THE TASK: Show every line in the entries below where the word "Jeep" appears.

START DATA FOR ANALYSIS

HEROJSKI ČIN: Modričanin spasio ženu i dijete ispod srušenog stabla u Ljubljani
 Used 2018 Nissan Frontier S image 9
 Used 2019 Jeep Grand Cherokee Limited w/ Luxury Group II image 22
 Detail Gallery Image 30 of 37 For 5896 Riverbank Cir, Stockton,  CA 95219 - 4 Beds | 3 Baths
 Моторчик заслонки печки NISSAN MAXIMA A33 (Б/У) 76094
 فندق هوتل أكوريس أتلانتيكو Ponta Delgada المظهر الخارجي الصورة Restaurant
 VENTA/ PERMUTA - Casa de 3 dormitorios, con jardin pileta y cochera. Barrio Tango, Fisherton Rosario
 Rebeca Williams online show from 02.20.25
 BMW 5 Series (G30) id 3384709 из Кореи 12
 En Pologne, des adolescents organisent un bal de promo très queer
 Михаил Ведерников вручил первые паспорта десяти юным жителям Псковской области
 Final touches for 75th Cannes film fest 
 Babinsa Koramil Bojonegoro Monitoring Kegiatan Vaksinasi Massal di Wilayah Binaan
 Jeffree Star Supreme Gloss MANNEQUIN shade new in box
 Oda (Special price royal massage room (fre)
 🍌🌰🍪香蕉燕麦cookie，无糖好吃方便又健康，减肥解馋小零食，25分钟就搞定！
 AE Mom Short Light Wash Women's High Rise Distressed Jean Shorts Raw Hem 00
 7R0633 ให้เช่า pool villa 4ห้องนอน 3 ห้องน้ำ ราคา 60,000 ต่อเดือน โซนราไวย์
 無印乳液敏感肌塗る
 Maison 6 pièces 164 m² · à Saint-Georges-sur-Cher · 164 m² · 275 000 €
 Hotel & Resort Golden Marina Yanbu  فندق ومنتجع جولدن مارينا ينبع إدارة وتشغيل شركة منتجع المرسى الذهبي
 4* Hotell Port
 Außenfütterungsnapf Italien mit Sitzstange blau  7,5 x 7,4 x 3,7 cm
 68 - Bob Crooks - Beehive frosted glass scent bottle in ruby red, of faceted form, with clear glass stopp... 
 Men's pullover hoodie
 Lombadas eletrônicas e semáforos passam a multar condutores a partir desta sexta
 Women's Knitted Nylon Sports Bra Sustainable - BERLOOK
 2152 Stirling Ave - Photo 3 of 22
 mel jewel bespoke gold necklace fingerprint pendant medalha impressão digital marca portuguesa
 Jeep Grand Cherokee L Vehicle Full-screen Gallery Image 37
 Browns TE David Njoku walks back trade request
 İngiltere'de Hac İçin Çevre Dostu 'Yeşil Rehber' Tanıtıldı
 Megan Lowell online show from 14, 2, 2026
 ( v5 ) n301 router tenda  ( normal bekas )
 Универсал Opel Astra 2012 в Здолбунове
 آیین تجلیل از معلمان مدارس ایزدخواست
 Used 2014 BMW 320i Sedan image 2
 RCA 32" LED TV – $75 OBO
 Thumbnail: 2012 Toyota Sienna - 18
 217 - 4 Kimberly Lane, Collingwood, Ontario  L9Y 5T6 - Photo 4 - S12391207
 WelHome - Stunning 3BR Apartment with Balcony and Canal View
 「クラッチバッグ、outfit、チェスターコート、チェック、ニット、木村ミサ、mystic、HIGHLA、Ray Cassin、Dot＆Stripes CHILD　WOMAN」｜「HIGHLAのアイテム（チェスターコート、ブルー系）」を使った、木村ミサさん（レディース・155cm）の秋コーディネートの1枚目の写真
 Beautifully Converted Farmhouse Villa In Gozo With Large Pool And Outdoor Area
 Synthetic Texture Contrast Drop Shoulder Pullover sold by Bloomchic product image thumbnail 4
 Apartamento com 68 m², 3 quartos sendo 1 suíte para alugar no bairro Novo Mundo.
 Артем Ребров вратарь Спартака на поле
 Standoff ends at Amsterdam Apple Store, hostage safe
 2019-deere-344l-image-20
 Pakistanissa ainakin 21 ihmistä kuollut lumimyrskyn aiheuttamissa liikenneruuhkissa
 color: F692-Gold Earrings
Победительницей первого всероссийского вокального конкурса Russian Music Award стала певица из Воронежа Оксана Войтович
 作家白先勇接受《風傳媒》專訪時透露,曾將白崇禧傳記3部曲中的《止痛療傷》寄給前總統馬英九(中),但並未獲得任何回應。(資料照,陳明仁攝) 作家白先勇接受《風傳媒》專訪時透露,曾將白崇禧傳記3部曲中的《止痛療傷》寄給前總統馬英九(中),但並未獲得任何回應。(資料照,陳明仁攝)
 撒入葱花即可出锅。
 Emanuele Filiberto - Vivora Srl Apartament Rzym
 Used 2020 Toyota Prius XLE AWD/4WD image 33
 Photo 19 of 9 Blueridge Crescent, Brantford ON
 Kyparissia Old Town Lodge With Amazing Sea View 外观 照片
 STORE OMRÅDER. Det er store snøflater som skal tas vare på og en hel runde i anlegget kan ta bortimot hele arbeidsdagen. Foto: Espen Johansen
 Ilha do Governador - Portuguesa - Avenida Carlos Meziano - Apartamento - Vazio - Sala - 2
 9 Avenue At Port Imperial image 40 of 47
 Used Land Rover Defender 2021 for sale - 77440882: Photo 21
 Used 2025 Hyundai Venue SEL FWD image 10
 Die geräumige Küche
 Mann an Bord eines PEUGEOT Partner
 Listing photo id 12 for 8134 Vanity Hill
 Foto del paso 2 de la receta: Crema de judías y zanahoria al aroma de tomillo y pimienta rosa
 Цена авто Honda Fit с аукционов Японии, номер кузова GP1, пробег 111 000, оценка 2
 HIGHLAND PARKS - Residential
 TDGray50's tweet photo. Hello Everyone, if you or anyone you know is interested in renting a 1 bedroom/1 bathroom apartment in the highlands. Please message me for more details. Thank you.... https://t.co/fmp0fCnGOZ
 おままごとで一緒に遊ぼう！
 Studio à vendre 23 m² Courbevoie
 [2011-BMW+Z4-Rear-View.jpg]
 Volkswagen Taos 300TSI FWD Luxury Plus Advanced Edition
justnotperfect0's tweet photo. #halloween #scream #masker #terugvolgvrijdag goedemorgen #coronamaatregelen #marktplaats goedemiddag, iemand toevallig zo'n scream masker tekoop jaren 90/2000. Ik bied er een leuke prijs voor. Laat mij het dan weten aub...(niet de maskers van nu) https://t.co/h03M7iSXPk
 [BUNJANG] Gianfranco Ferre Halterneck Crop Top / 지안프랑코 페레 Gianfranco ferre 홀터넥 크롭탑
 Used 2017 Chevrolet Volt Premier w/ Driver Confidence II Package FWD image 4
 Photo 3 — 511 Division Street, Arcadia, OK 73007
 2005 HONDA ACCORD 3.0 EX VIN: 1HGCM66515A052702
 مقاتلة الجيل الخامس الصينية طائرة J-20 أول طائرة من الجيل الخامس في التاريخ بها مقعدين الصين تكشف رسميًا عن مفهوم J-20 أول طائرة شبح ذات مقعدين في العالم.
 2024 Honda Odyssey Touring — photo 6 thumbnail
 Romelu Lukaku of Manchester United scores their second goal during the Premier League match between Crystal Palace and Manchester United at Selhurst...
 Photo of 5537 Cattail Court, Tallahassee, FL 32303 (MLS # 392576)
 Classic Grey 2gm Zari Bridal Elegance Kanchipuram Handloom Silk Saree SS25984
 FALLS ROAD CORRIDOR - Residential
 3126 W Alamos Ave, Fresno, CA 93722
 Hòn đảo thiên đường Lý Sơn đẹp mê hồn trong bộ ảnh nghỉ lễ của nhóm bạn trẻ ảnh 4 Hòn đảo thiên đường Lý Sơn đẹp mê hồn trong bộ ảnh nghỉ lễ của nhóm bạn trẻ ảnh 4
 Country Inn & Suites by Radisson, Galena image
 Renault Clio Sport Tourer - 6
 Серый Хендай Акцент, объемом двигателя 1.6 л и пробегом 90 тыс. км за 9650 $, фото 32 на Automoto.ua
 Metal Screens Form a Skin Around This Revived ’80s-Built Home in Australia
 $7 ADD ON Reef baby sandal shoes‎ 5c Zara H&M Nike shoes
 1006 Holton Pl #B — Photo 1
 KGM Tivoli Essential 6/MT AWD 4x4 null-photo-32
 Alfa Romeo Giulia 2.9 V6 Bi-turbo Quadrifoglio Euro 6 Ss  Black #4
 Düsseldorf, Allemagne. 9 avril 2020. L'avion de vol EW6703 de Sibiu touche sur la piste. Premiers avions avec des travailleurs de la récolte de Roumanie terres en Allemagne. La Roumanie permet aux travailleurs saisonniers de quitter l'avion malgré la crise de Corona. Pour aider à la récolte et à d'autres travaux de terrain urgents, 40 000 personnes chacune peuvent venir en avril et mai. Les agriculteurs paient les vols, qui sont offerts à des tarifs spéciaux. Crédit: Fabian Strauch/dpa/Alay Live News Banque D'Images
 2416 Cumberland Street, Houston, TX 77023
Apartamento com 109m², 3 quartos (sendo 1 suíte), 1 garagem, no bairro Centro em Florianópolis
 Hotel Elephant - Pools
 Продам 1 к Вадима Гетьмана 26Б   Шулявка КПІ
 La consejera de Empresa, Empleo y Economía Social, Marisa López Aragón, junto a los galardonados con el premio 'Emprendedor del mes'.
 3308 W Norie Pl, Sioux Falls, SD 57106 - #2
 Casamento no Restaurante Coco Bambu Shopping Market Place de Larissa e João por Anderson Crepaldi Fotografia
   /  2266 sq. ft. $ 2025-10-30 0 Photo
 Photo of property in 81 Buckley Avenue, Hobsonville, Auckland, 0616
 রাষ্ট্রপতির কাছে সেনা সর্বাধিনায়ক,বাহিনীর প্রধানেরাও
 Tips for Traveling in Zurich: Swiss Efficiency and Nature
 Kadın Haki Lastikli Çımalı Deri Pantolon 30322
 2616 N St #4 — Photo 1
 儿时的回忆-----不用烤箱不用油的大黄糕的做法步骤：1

END DATA FOR ANALYSIS

SOLUTION TO THIS TASK:
 Used 2019 Jeep Grand Cherokee Limited w/ Luxury Group II image 22
 Jeep Grand Cherokee L Vehicle Full-screen Gallery Image 37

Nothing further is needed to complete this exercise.